=== What this task involves ===
Copy out precisely the lines from the start of the data through the line with "Jakie suplementy na", and keep pictures out of it.

=== Record excerpts ===

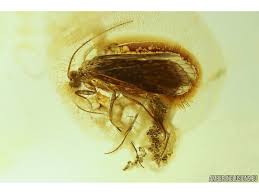 Attēlu rezultāti vaicājumam “Trichoptera egg mass”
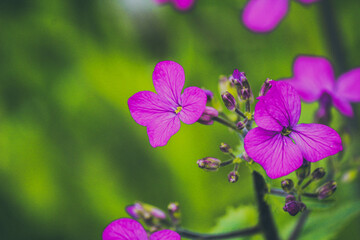 flowers in the garden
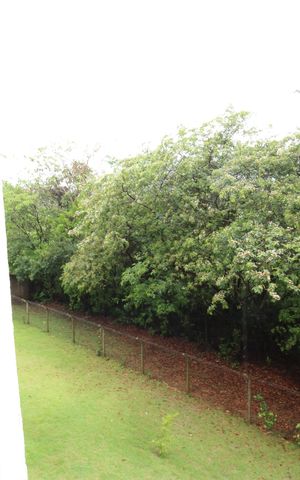 Apartamento para alugar com 47m², 2 quartos e 1 vagaVista janela quarto 01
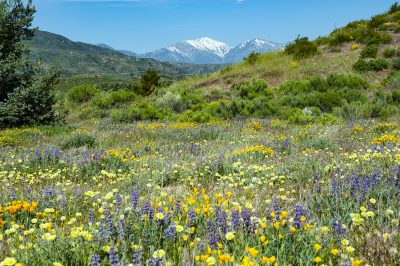 15. Grape soda lupine, poppies, goldfields, and oxeye daisies in Summit Valley with Mt. San Antonio (aka, Mt. Baldy) in the background. 05/15/2010. © Lee Reeder
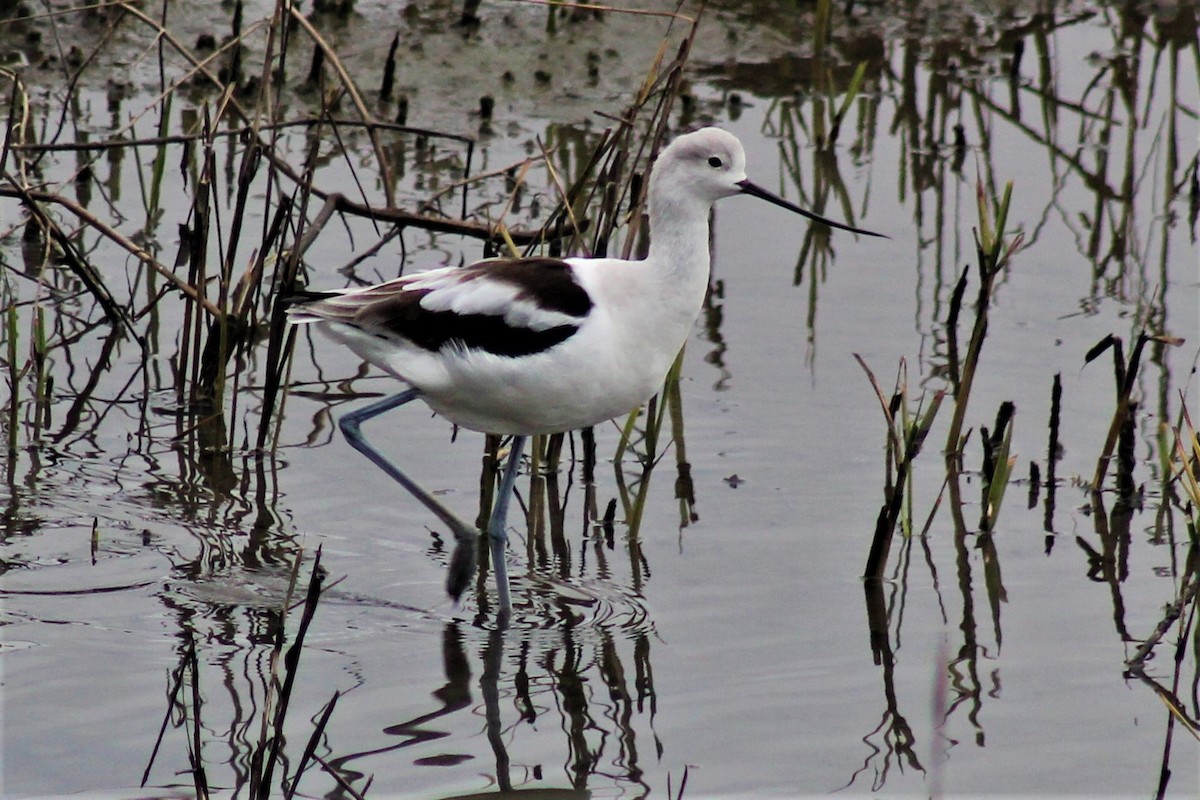 American Avocet - Greg Laverty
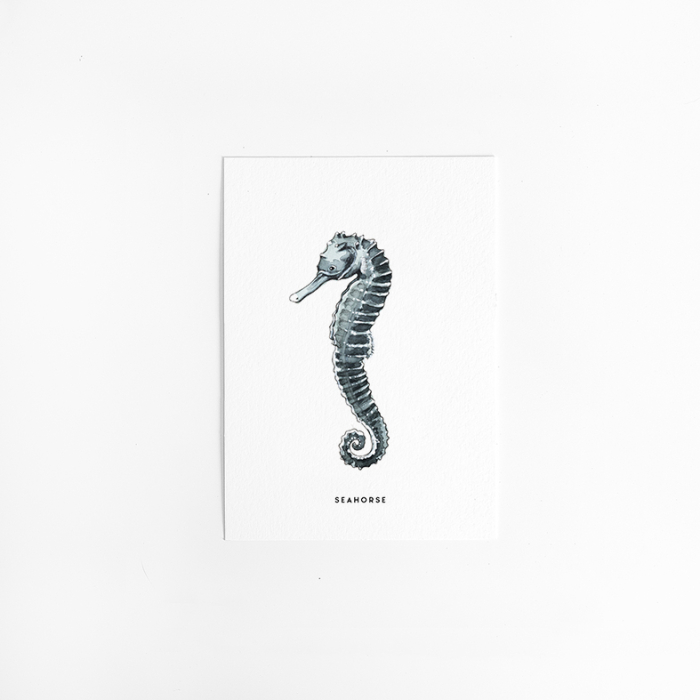 Postcard Seahorse 10 pieces Postcard Seahorse 10 pieces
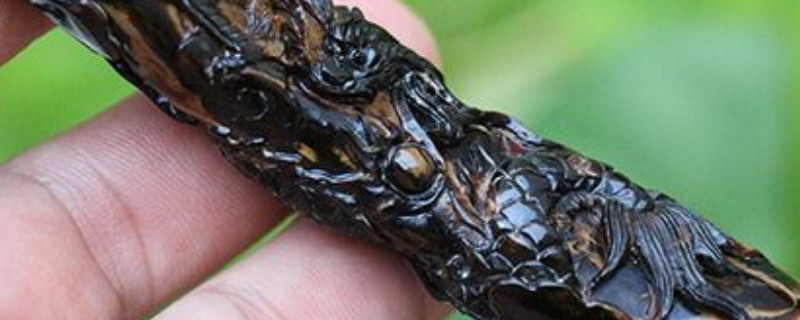 血柳是什么？如何辨别真假?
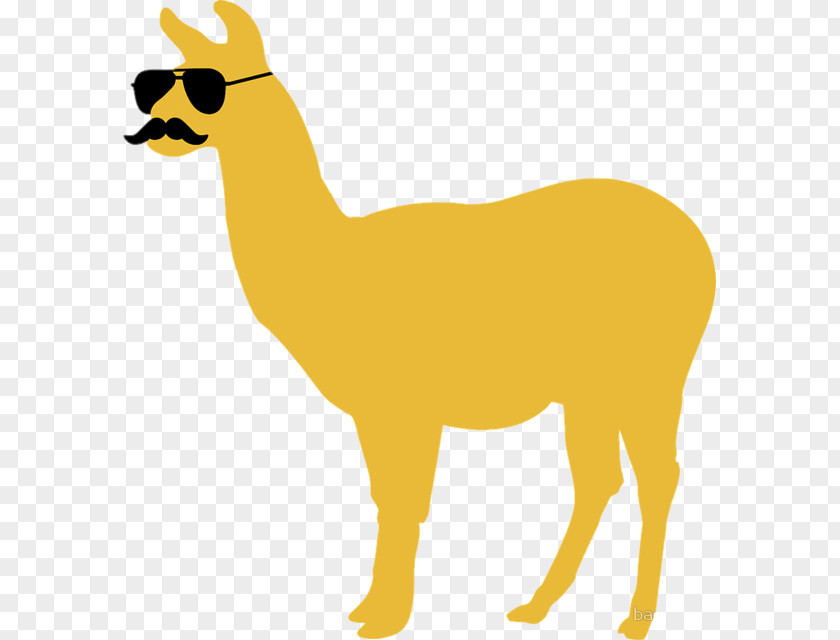 Sunglasses Llama Color Alpaca PNG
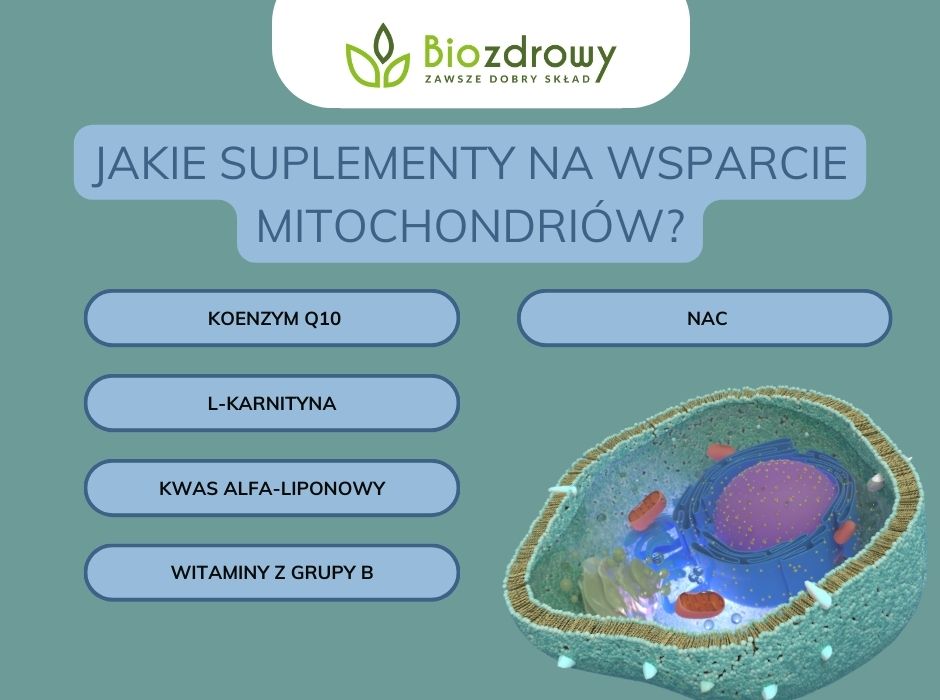 Jakie suplementy na wsparcie mitochondriów - infografika
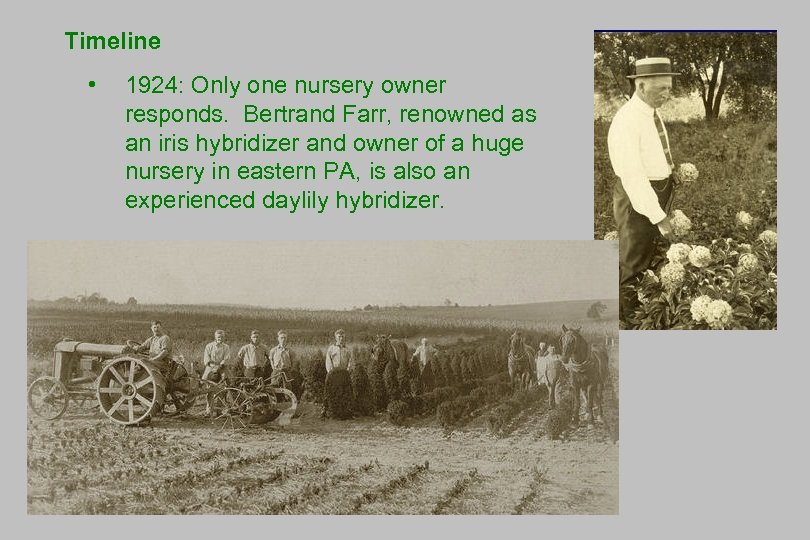 Timeline • 1924: Only one nursery owner responds. Bertrand Farr, renowned as an iris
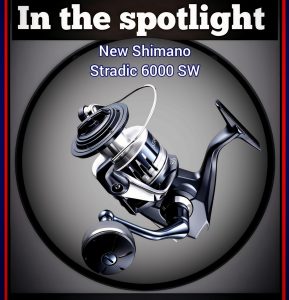 shimano stradic 6000 sw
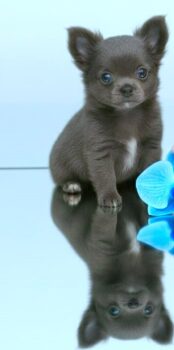Chihuahua Welpe Rüde Prinz Fendi , blau-weiß, blue, Ahnentafel sucht Bund fürs Hundeleben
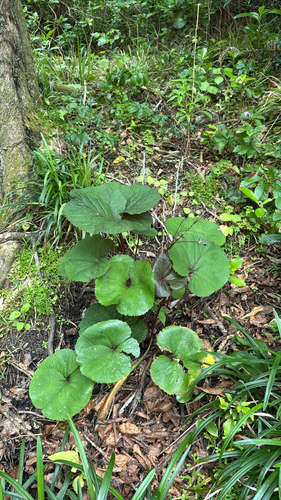 Ligularia dentata (ligularia) (alternate view 4)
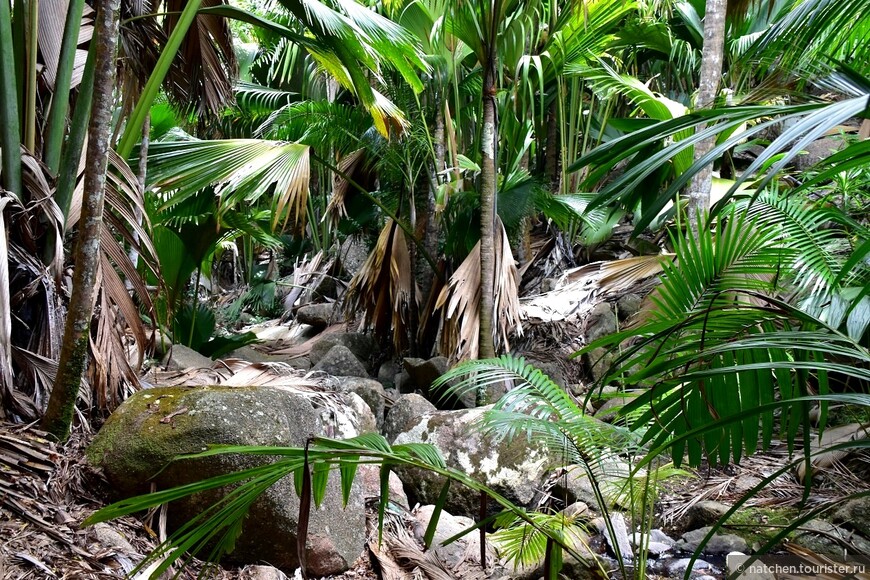Ода коко-де-мер. Заметки ботаника в Майской долине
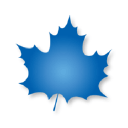 TRUE NORTH COMMERCIAL REAL ESTATE Logo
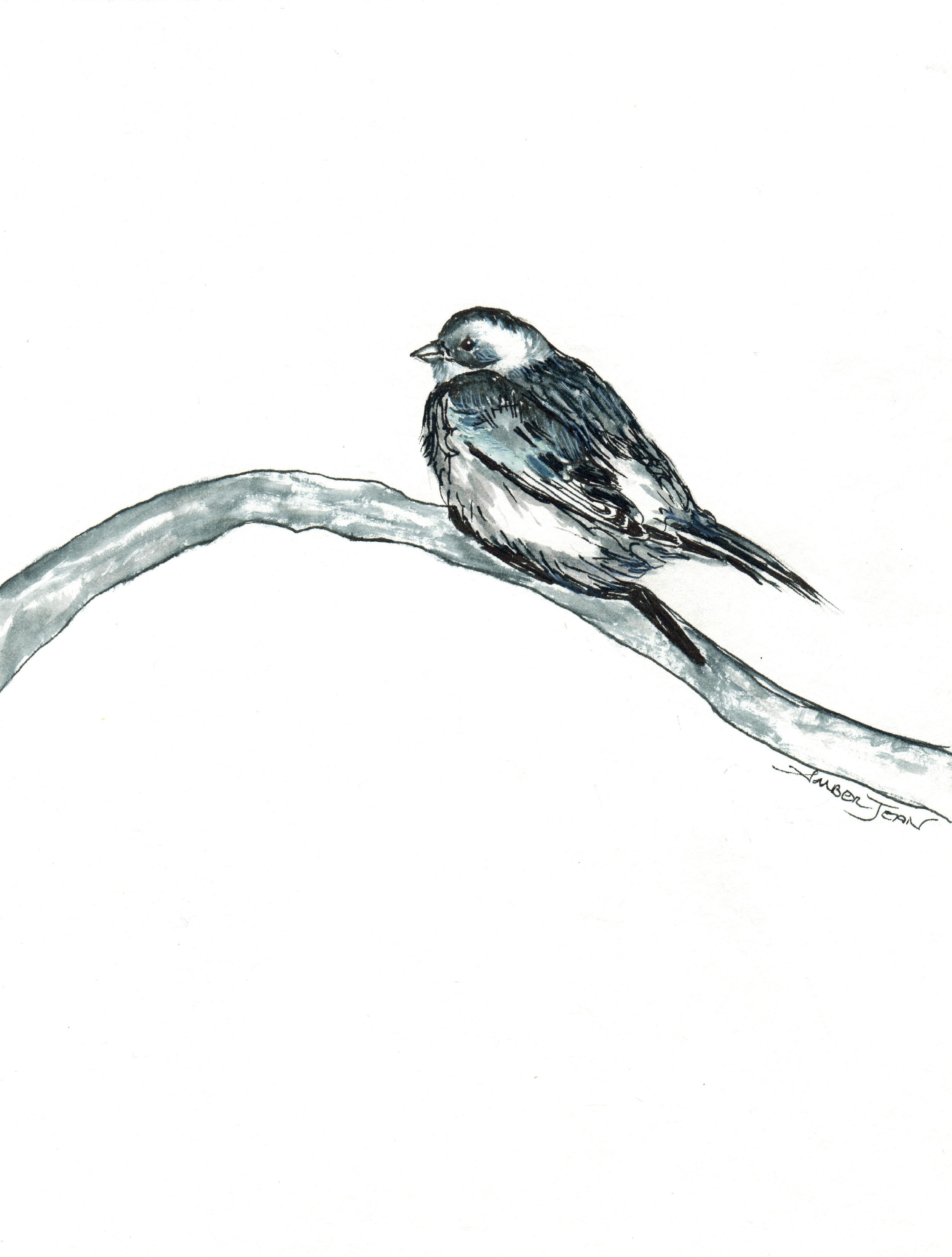 INKtober_2026_27_Bird_web.jpg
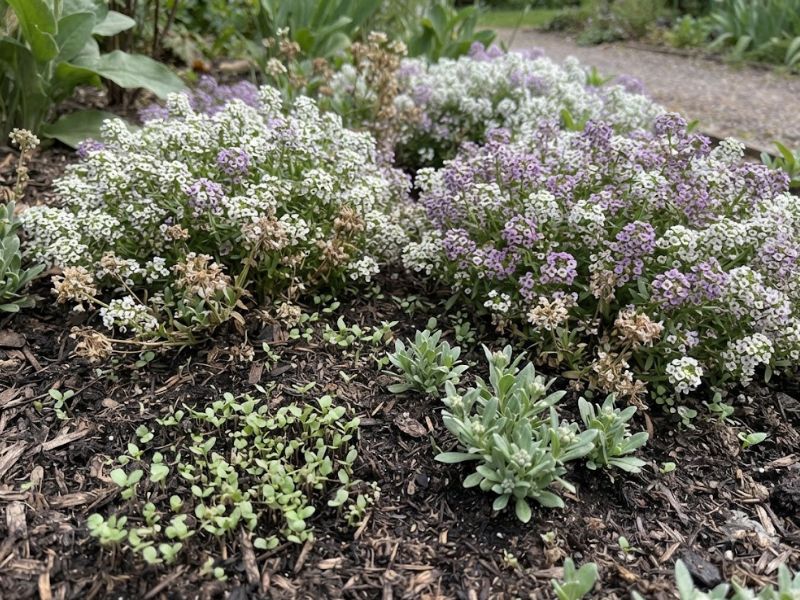 Flor-de-mel em diferentes fases com mudas, flores abertas e cachos secos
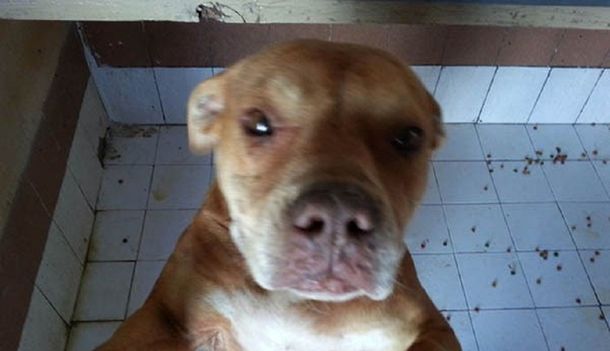 La perra que atacó a un animal sería adoptada en los próximos días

=== Exercise solution ===
 Attēlu rezultāti vaicājumam “Trichoptera egg mass”
 flowers in the garden
 Apartamento para alugar com 47m², 2 quartos e 1 vagaVista janela quarto 01
 15. Grape soda lupine, poppies, goldfields, and oxeye daisies in Summit Valley with Mt. San Antonio (aka, Mt. Baldy) in the background. 05/15/2010. © Lee Reeder
 American Avocet - Greg Laverty
 Postcard Seahorse 10 pieces Postcard Seahorse 10 pieces
 血柳是什么？如何辨别真假?
 Sunglasses Llama Color Alpaca PNG
 Jakie suplementy na wsparcie mitochondriów - infografika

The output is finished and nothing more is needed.